RECORDS TO PROCESS:
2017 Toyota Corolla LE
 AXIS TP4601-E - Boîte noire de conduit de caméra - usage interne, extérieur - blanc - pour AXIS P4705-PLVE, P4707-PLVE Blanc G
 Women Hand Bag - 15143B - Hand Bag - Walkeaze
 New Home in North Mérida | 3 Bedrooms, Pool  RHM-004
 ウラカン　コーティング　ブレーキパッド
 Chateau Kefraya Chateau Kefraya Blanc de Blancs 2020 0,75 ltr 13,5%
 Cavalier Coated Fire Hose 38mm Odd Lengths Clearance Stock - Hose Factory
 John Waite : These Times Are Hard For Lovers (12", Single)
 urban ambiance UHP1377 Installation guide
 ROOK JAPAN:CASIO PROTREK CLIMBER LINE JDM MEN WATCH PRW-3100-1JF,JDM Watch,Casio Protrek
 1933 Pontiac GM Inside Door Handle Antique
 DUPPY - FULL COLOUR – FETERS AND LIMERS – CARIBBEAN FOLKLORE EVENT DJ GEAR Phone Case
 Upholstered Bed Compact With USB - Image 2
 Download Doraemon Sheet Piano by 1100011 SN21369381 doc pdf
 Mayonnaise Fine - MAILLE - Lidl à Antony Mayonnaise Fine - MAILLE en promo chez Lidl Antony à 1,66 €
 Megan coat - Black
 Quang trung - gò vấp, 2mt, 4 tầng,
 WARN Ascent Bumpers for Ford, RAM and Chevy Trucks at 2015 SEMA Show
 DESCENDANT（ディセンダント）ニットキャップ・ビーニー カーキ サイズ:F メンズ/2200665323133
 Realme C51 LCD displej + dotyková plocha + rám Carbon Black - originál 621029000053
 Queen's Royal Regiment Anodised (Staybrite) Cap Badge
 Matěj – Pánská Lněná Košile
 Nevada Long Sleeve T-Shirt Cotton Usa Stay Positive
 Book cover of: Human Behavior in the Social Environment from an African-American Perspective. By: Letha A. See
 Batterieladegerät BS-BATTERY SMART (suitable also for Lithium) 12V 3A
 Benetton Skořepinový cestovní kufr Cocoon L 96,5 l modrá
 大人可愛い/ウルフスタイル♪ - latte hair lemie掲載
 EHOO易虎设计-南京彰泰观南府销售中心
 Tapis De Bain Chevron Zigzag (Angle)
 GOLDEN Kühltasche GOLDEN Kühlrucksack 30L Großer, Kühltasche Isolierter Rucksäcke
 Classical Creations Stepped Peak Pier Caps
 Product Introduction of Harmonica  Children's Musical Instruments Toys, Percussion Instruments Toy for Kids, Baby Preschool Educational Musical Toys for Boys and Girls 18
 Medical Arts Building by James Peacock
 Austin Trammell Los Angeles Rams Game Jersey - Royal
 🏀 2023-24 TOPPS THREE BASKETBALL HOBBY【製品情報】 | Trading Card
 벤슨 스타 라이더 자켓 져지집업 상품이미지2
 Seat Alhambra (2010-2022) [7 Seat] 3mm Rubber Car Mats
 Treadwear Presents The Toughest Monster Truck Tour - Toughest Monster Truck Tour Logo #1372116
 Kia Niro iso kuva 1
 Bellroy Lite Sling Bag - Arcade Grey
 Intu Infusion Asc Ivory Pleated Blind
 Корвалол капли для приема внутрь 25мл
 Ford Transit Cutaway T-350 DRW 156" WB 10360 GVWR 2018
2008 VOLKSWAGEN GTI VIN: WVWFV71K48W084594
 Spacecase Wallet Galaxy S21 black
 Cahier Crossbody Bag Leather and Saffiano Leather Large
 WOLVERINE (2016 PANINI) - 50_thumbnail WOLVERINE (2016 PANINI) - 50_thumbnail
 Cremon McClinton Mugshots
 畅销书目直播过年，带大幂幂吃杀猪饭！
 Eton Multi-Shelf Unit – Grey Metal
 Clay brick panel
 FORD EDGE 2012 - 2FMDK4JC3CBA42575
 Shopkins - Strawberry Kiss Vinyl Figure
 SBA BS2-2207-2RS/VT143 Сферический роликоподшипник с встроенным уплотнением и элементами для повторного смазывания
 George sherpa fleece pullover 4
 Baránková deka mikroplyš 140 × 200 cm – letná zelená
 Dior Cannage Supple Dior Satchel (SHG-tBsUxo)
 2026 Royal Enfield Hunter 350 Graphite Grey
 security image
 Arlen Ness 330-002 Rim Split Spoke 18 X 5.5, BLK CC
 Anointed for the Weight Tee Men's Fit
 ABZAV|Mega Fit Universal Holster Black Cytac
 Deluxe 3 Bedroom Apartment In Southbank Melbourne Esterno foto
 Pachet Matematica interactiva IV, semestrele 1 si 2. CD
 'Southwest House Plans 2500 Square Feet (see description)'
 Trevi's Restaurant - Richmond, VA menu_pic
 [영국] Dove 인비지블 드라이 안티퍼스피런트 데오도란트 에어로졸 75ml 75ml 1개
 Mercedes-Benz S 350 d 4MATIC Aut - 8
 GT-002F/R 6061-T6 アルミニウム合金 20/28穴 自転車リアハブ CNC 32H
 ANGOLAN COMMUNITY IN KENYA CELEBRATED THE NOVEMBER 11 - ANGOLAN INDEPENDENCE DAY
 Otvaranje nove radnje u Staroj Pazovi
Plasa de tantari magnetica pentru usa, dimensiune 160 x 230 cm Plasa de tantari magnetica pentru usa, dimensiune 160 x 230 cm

WHAT THE EXERCISE ASKS: Your job is to reproduce the listing exactly.

REPLY:
2017 Toyota Corolla LE
 AXIS TP4601-E - Boîte noire de conduit de caméra - usage interne, extérieur - blanc - pour AXIS P4705-PLVE, P4707-PLVE Blanc G
 Women Hand Bag - 15143B - Hand Bag - Walkeaze
 New Home in North Mérida | 3 Bedrooms, Pool  RHM-004
 ウラカン　コーティング　ブレーキパッド
 Chateau Kefraya Chateau Kefraya Blanc de Blancs 2020 0,75 ltr 13,5%
 Cavalier Coated Fire Hose 38mm Odd Lengths Clearance Stock - Hose Factory
 John Waite : These Times Are Hard For Lovers (12", Single)
 urban ambiance UHP1377 Installation guide
 ROOK JAPAN:CASIO PROTREK CLIMBER LINE JDM MEN WATCH PRW-3100-1JF,JDM Watch,Casio Protrek
 1933 Pontiac GM Inside Door Handle Antique
 DUPPY - FULL COLOUR – FETERS AND LIMERS – CARIBBEAN FOLKLORE EVENT DJ GEAR Phone Case
 Upholstered Bed Compact With USB - Image 2
 Download Doraemon Sheet Piano by 1100011 SN21369381 doc pdf
 Mayonnaise Fine - MAILLE - Lidl à Antony Mayonnaise Fine - MAILLE en promo chez Lidl Antony à 1,66 €
 Megan coat - Black
 Quang trung - gò vấp, 2mt, 4 tầng,
 WARN Ascent Bumpers for Ford, RAM and Chevy Trucks at 2015 SEMA Show
 DESCENDANT（ディセンダント）ニットキャップ・ビーニー カーキ サイズ:F メンズ/2200665323133
 Realme C51 LCD displej + dotyková plocha + rám Carbon Black - originál 621029000053
 Queen's Royal Regiment Anodised (Staybrite) Cap Badge
 Matěj – Pánská Lněná Košile
 Nevada Long Sleeve T-Shirt Cotton Usa Stay Positive
 Book cover of: Human Behavior in the Social Environment from an African-American Perspective. By: Letha A. See
 Batterieladegerät BS-BATTERY SMART (suitable also for Lithium) 12V 3A
 Benetton Skořepinový cestovní kufr Cocoon L 96,5 l modrá
 大人可愛い/ウルフスタイル♪ - latte hair lemie掲載
 EHOO易虎设计-南京彰泰观南府销售中心
 Tapis De Bain Chevron Zigzag (Angle)
 GOLDEN Kühltasche GOLDEN Kühlrucksack 30L Großer, Kühltasche Isolierter Rucksäcke
 Classical Creations Stepped Peak Pier Caps
 Product Introduction of Harmonica  Children's Musical Instruments Toys, Percussion Instruments Toy for Kids, Baby Preschool Educational Musical Toys for Boys and Girls 18
 Medical Arts Building by James Peacock
 Austin Trammell Los Angeles Rams Game Jersey - Royal
 🏀 2023-24 TOPPS THREE BASKETBALL HOBBY【製品情報】 | Trading Card
 벤슨 스타 라이더 자켓 져지집업 상품이미지2
 Seat Alhambra (2010-2022) [7 Seat] 3mm Rubber Car Mats
 Treadwear Presents The Toughest Monster Truck Tour - Toughest Monster Truck Tour Logo #1372116
 Kia Niro iso kuva 1
 Bellroy Lite Sling Bag - Arcade Grey
 Intu Infusion Asc Ivory Pleated Blind
 Корвалол капли для приема внутрь 25мл
 Ford Transit Cutaway T-350 DRW 156" WB 10360 GVWR 2018
2008 VOLKSWAGEN GTI VIN: WVWFV71K48W084594
 Spacecase Wallet Galaxy S21 black
 Cahier Crossbody Bag Leather and Saffiano Leather Large
 WOLVERINE (2016 PANINI) - 50_thumbnail WOLVERINE (2016 PANINI) - 50_thumbnail
 Cremon McClinton Mugshots
 畅销书目直播过年，带大幂幂吃杀猪饭！
 Eton Multi-Shelf Unit – Grey Metal
 Clay brick panel
 FORD EDGE 2012 - 2FMDK4JC3CBA42575
 Shopkins - Strawberry Kiss Vinyl Figure
 SBA BS2-2207-2RS/VT143 Сферический роликоподшипник с встроенным уплотнением и элементами для повторного смазывания
 George sherpa fleece pullover 4
 Baránková deka mikroplyš 140 × 200 cm – letná zelená
 Dior Cannage Supple Dior Satchel (SHG-tBsUxo)
 2026 Royal Enfield Hunter 350 Graphite Grey
 security image
 Arlen Ness 330-002 Rim Split Spoke 18 X 5.5, BLK CC
 Anointed for the Weight Tee Men's Fit
 ABZAV|Mega Fit Universal Holster Black Cytac
 Deluxe 3 Bedroom Apartment In Southbank Melbourne Esterno foto
 Pachet Matematica interactiva IV, semestrele 1 si 2. CD
 'Southwest House Plans 2500 Square Feet (see description)'
 Trevi's Restaurant - Richmond, VA menu_pic
 [영국] Dove 인비지블 드라이 안티퍼스피런트 데오도란트 에어로졸 75ml 75ml 1개
 Mercedes-Benz S 350 d 4MATIC Aut - 8
 GT-002F/R 6061-T6 アルミニウム合金 20/28穴 自転車リアハブ CNC 32H
 ANGOLAN COMMUNITY IN KENYA CELEBRATED THE NOVEMBER 11 - ANGOLAN INDEPENDENCE DAY
 Otvaranje nove radnje u Staroj Pazovi
Plasa de tantari magnetica pentru usa, dimensiune 160 x 230 cm Plasa de tantari magnetica pentru usa, dimensiune 160 x 230 cm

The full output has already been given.